(Material to process)
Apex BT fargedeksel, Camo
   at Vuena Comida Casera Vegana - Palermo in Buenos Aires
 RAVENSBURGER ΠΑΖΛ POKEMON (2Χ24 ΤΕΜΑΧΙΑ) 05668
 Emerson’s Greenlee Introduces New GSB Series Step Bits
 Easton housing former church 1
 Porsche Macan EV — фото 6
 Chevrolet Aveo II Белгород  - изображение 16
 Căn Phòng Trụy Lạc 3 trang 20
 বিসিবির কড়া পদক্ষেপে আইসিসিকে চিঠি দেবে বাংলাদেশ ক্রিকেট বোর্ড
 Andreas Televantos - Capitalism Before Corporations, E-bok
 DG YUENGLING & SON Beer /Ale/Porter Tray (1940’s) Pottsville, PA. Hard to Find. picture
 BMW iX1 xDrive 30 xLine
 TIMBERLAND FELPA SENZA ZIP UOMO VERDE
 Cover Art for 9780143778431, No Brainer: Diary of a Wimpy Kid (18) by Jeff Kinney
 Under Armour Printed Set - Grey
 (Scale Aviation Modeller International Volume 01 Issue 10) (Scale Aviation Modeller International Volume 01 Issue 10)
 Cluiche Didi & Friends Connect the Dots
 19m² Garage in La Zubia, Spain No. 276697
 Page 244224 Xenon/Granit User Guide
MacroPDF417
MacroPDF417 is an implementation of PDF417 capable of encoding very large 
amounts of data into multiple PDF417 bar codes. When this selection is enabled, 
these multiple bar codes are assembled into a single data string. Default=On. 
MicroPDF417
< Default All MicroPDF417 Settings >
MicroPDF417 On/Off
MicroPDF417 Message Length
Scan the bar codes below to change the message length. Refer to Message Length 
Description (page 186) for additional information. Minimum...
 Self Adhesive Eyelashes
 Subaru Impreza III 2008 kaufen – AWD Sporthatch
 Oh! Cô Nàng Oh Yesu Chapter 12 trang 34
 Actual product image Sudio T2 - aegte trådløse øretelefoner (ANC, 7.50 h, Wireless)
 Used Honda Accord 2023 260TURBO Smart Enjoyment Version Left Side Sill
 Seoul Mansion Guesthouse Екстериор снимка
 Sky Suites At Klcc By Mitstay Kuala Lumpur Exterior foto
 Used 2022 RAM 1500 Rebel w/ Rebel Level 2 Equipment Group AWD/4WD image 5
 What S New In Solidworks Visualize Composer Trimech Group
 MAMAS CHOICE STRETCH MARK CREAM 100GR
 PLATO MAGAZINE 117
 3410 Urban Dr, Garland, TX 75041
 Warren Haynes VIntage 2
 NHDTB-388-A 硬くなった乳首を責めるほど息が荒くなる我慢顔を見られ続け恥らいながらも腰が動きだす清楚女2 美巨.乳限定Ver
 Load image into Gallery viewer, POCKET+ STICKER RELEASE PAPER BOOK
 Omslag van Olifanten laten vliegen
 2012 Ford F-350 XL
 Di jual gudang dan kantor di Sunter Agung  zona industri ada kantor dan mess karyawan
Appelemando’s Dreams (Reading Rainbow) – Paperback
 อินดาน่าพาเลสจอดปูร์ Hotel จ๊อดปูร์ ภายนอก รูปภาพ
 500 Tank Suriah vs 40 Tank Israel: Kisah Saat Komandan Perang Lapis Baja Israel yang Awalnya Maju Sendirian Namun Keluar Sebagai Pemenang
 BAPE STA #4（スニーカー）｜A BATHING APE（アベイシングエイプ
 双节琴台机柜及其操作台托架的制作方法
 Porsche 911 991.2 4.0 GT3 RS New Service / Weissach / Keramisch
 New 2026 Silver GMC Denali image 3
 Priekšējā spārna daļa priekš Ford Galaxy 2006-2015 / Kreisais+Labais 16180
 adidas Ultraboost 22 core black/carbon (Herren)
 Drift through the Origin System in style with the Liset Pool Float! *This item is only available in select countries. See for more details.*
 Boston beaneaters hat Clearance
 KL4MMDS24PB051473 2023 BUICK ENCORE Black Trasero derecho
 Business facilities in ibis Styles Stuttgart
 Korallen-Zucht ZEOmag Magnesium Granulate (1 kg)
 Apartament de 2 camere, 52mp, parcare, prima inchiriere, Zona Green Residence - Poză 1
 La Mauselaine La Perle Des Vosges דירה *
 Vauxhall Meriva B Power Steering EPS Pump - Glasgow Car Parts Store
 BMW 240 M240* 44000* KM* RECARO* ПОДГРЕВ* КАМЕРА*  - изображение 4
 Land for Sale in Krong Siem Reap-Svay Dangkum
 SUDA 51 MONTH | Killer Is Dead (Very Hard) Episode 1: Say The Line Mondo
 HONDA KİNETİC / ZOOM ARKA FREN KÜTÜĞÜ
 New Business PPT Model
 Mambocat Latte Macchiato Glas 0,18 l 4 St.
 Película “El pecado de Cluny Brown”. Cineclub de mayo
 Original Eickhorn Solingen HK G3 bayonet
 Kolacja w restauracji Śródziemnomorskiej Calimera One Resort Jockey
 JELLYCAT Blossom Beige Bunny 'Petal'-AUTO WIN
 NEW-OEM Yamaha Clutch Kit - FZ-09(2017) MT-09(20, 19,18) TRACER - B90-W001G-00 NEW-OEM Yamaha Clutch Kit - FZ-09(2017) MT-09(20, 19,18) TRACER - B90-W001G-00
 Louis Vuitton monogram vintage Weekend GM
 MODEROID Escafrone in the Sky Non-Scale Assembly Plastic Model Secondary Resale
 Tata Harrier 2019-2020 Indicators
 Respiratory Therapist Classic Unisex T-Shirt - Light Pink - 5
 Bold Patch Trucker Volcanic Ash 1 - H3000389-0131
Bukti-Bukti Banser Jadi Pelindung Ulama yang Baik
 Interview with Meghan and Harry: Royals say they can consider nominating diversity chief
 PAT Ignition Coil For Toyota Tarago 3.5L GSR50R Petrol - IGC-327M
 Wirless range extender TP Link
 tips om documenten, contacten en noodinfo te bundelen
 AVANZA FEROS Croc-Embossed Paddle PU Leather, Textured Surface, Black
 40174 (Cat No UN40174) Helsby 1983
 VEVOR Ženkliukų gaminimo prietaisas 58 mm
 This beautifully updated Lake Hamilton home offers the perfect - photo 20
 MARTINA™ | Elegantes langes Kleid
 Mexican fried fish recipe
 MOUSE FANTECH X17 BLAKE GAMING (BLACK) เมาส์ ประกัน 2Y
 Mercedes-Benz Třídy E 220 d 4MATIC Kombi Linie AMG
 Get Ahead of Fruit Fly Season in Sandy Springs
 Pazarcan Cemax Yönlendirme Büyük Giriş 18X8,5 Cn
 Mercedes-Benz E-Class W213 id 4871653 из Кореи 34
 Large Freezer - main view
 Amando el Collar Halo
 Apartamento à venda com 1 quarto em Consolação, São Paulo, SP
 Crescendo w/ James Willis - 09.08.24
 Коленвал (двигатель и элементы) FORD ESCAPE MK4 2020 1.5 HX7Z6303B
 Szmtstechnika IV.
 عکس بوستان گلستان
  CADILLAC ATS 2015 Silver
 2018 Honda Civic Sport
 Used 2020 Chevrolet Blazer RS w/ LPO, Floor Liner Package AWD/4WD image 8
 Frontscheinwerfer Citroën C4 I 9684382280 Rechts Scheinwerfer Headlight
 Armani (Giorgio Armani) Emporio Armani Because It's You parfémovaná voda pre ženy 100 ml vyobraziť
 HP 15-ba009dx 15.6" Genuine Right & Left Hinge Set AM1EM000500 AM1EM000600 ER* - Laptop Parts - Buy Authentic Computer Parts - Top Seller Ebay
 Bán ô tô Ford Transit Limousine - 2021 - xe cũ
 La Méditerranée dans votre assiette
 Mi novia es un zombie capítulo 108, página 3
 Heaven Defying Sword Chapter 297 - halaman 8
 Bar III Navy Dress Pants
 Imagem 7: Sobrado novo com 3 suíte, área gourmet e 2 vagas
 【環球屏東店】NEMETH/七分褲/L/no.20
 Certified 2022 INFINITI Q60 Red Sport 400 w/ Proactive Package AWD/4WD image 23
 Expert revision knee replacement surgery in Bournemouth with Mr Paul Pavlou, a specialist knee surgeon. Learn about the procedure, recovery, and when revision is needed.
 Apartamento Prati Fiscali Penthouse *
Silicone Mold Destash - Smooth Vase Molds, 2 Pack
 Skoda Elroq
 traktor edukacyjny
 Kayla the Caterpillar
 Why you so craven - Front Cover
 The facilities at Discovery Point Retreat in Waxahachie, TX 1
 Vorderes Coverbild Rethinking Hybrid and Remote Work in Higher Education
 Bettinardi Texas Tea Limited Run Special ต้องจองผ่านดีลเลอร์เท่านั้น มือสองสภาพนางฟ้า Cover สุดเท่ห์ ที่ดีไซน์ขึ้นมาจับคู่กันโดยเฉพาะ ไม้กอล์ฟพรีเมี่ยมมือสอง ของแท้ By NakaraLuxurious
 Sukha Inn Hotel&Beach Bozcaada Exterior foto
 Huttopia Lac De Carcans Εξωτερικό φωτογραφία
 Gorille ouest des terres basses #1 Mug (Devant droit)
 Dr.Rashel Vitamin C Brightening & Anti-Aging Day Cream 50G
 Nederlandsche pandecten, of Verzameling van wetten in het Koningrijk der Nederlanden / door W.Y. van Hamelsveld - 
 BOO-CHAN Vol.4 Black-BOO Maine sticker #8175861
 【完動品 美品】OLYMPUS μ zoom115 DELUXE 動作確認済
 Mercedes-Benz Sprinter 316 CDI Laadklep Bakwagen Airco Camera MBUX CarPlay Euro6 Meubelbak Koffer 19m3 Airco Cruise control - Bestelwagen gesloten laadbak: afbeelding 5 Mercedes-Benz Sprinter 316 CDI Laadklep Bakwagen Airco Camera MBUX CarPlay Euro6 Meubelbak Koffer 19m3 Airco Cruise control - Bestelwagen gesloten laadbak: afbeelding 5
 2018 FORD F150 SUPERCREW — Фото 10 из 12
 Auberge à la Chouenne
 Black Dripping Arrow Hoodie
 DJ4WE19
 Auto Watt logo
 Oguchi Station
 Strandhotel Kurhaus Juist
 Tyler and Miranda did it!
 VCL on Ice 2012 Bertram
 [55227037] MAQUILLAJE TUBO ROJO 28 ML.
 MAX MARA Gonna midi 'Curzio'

(Your assignment) Could you write out exactly the lines above, starting at the first one and ending with the line that has "Porsche Macan EV — фото 6"?

(Completed exercise)
Apex BT fargedeksel, Camo
   at Vuena Comida Casera Vegana - Palermo in Buenos Aires
 RAVENSBURGER ΠΑΖΛ POKEMON (2Χ24 ΤΕΜΑΧΙΑ) 05668
 Emerson’s Greenlee Introduces New GSB Series Step Bits
 Easton housing former church 1
 Porsche Macan EV — фото 6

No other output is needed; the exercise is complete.